The consensus is that foreign investors’ interest in Türkiye usually increases before elections, he said.
“However, this time round, I expect foreigners who are waiting to enter the Turkish market to act before the elections.”
The local election will be held at the end of March next year.
With the rationalization of interest rates in Türkiye and foreigners being able to predict the exchange rate, it will become clearer when they will enter the market and which instruments they will invest in, Aran explained.
“I predict that capital flows to Türkiye will strengthen, and we will be able to provide foreign currency loans at an affordable cost, and the CDS risk premium will fall below 300.”

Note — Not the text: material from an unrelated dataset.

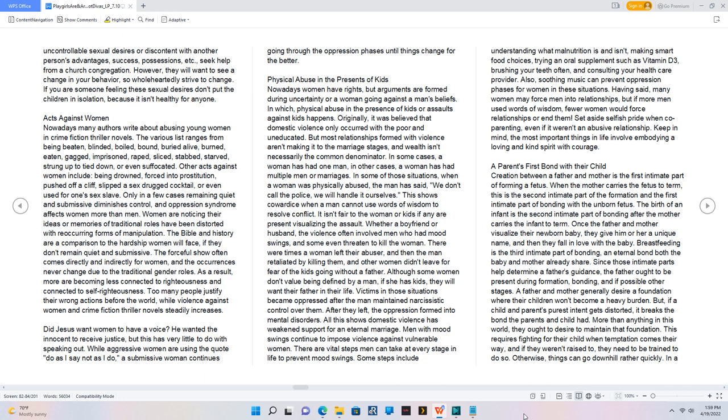In some cases, a woman has had one man; in other cases, a woman has had multiple men or marriages. In some of those situations, when a woman was physically abused, the man has said, 'we don't call the police; we will handle it ourselves.' This shows cowardice when a man cannot use words of wisdom to resolve conflict. It isn't fair to the woman or kids if any are present visualizing the assault. Whether a boyfriend or husband, the violence often involved men who had mood swings, and some even threatened to kill the woman. There were times a woman left their abuser, and then the man retaliated by killing them, and other women didn't leave for fear of the kids going without a father. Although some women don't value being defined by a man, if she has kids, they will want their father in their life. Victims in those situations became oppressed after the man maintained narcissistic control over them. After they left, the oppression formed into mental disorders.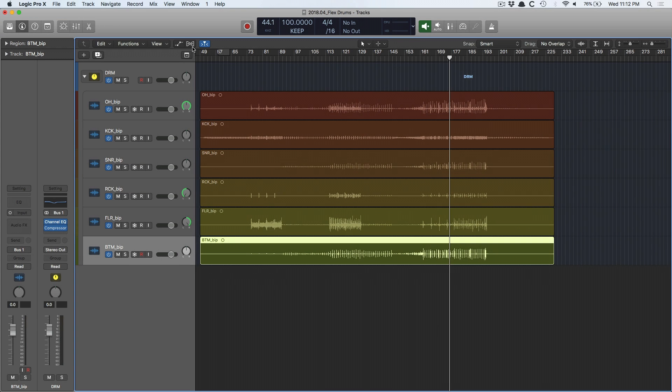Hey folks, Chris Van De Viver here from WhyLogicProRules.com, the website that helps you get the most you can out of Apple's Logic Pro 10. Today I want to walk through a step-by-step process, one that I take when it comes to editing drums using FlexTime.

“Under the conditions when the CDS risk premium is low, foreigners’ interest [in Türkiye] is high, and we can find foreign currency loans, we can easily provide loans in dollars and euros to businesses and the tourism industry,” he said, adding that this will also give a boost to competition among banks.
Aran does not expect “abnormal” increases in foreign currency rates and said that rates will probably rise in line with the inflation rate.
“What causes problems to businesses is the difference between inflation and currency rates. The increase in their costs is above inflation, but their revenues are in foreign currencies.”
If currency rates increase as much as inflation, this will provide predictability and making decisions about investment will become easier, he said.